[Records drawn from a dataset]

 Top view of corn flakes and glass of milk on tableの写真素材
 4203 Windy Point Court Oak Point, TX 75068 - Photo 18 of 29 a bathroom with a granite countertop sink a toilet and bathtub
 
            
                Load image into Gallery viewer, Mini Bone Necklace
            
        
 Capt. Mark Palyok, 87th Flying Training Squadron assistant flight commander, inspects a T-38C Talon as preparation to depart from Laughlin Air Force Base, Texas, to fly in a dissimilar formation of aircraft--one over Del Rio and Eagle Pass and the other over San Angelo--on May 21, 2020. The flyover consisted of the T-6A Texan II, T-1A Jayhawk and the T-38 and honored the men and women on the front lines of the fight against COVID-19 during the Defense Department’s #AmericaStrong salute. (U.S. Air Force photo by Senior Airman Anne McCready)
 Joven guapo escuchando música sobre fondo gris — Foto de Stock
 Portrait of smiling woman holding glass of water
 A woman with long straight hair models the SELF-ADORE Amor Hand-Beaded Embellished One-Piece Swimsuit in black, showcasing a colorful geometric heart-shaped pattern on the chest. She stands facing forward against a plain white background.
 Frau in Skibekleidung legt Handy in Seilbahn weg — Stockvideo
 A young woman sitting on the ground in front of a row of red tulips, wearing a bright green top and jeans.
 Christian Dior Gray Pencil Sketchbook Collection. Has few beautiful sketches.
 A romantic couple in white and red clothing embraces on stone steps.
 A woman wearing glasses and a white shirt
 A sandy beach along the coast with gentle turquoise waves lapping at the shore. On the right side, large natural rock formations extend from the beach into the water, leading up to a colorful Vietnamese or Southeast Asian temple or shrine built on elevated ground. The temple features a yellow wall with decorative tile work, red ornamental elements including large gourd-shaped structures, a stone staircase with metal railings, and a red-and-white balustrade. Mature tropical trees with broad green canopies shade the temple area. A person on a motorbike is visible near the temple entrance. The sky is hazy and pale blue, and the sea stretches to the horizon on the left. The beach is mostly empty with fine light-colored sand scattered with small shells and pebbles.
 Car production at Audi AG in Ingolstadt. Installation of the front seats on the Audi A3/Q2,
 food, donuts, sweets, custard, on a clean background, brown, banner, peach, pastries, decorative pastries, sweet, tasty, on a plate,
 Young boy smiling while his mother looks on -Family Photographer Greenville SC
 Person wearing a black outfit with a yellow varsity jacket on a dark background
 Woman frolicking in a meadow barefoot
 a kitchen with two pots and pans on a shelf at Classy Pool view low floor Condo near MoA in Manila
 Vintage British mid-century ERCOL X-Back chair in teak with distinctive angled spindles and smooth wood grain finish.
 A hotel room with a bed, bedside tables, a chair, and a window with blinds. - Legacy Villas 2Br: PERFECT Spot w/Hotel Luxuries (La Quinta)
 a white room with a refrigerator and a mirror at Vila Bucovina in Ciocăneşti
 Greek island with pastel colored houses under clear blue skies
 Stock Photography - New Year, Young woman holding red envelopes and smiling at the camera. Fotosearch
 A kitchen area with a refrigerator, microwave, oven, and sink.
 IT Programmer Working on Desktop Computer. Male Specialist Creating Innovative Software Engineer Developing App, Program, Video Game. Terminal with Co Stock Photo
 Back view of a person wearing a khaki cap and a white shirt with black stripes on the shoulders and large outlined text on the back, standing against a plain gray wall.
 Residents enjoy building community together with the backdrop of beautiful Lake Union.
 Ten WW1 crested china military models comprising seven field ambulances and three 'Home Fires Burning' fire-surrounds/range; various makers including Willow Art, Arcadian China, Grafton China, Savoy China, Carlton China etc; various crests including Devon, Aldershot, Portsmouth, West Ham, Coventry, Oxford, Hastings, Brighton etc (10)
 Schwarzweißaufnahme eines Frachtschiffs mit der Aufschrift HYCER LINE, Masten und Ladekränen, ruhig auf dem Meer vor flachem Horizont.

» Aim of the exercise:
Using the data above, repeat exactly the lines that begin at the line with "A woman wearing glasses and a white shirt" and end at the line with "Stock Photography - New", both ends included.

» Exercise output:
 A woman wearing glasses and a white shirt
 A sandy beach along the coast with gentle turquoise waves lapping at the shore. On the right side, large natural rock formations extend from the beach into the water, leading up to a colorful Vietnamese or Southeast Asian temple or shrine built on elevated ground. The temple features a yellow wall with decorative tile work, red ornamental elements including large gourd-shaped structures, a stone staircase with metal railings, and a red-and-white balustrade. Mature tropical trees with broad green canopies shade the temple area. A person on a motorbike is visible near the temple entrance. The sky is hazy and pale blue, and the sea stretches to the horizon on the left. The beach is mostly empty with fine light-colored sand scattered with small shells and pebbles.
 Car production at Audi AG in Ingolstadt. Installation of the front seats on the Audi A3/Q2,
 food, donuts, sweets, custard, on a clean background, brown, banner, peach, pastries, decorative pastries, sweet, tasty, on a plate,
 Young boy smiling while his mother looks on -Family Photographer Greenville SC
 Person wearing a black outfit with a yellow varsity jacket on a dark background
 Woman frolicking in a meadow barefoot
 a kitchen with two pots and pans on a shelf at Classy Pool view low floor Condo near MoA in Manila
 Vintage British mid-century ERCOL X-Back chair in teak with distinctive angled spindles and smooth wood grain finish.
 A hotel room with a bed, bedside tables, a chair, and a window with blinds. - Legacy Villas 2Br: PERFECT Spot w/Hotel Luxuries (La Quinta)
 a white room with a refrigerator and a mirror at Vila Bucovina in Ciocăneşti
 Greek island with pastel colored houses under clear blue skies
 Stock Photography - New Year, Young woman holding red envelopes and smiling at the camera. Fotosearch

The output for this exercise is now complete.